Ah, I thought, element of surprise. I leaned against a tree, aimed the gun at nothing in particular. And watched the carnage.
It was over in seconds. During the distraction, Nick, Ralph and the merry men had taken out the entire garrison, inside and out of the building—fifteen very scary individuals, half of them of the ugly green variety.
Except one.
I heard the whoosh of air before I saw anything; I whipped myself out of the way just in time to see the ax blade sink into the tree with a thunk. While the old boy was trying to get the blade out, cursing a blue streak, I fired the Magnum at him. I fell flat on my ass, knocked back by the recoil, and blood and organs sprayed all over me. I guess the gun was in super-enhanced working order, because the entire upper part of the guy's torso was missing.
I leaned sideways to heave, again, surprised there was anything left in my stomach from the last time. I guess it takes a while to get used to being surrounded by wholesale slaughter.
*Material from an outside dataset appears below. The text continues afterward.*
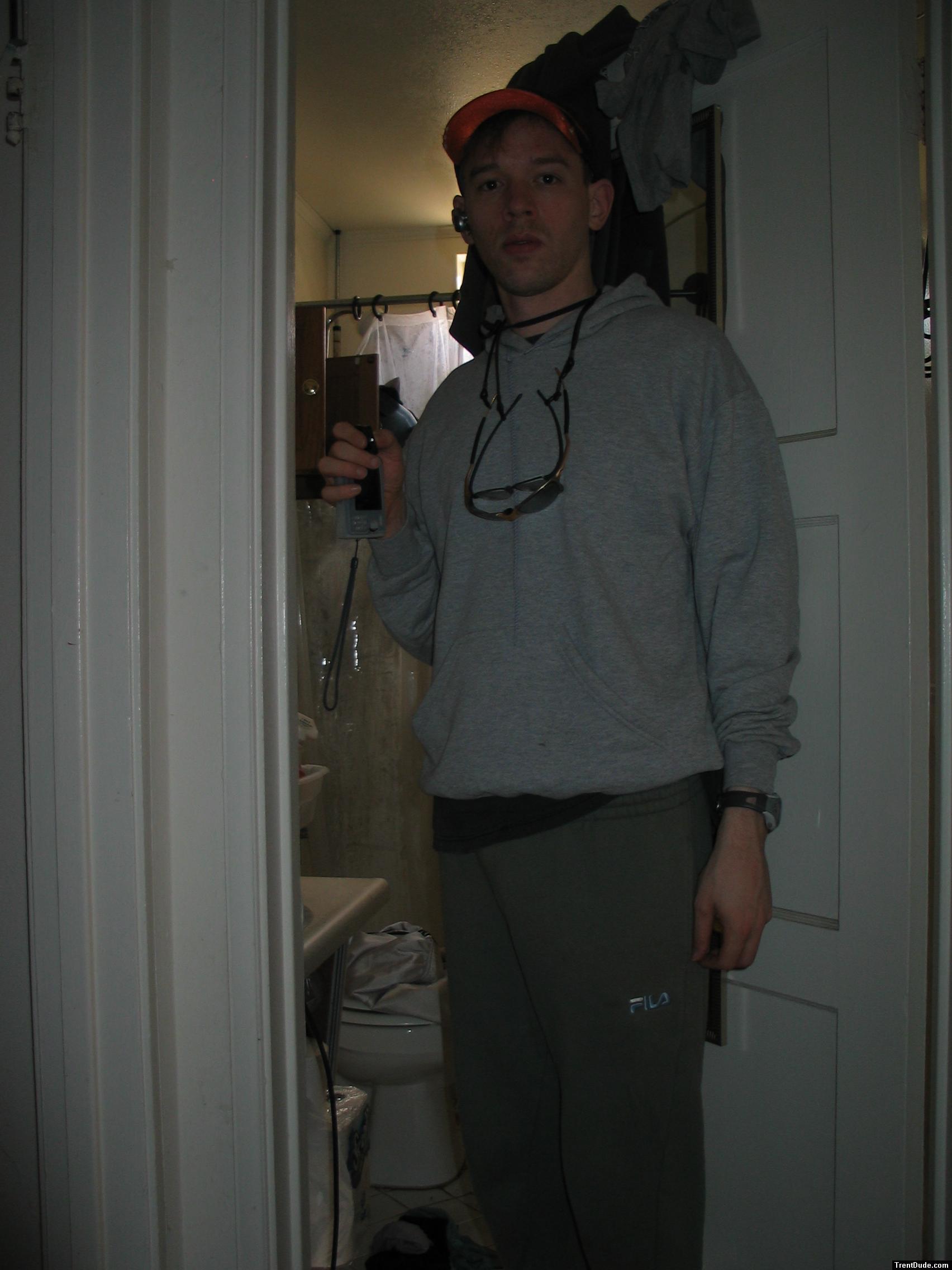 Green Fila sweats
Most of the others were covered with varying degrees of gore, too, some of it from their own wounds, though it didn't appear that anyone was injured too badly. At the Tin Man's instructions, they had started to strip off the clothes of the dead soldiers, and replace their own clothes with the leather and chain-mail outfits.
I realized then that all the killing had been the result of my casual suggestion to Nick that he find some disguises. I remembered him saying that it hadn't actually happened the way it did in the movie. My mind ran through several gruesome variations based on what I had just seen.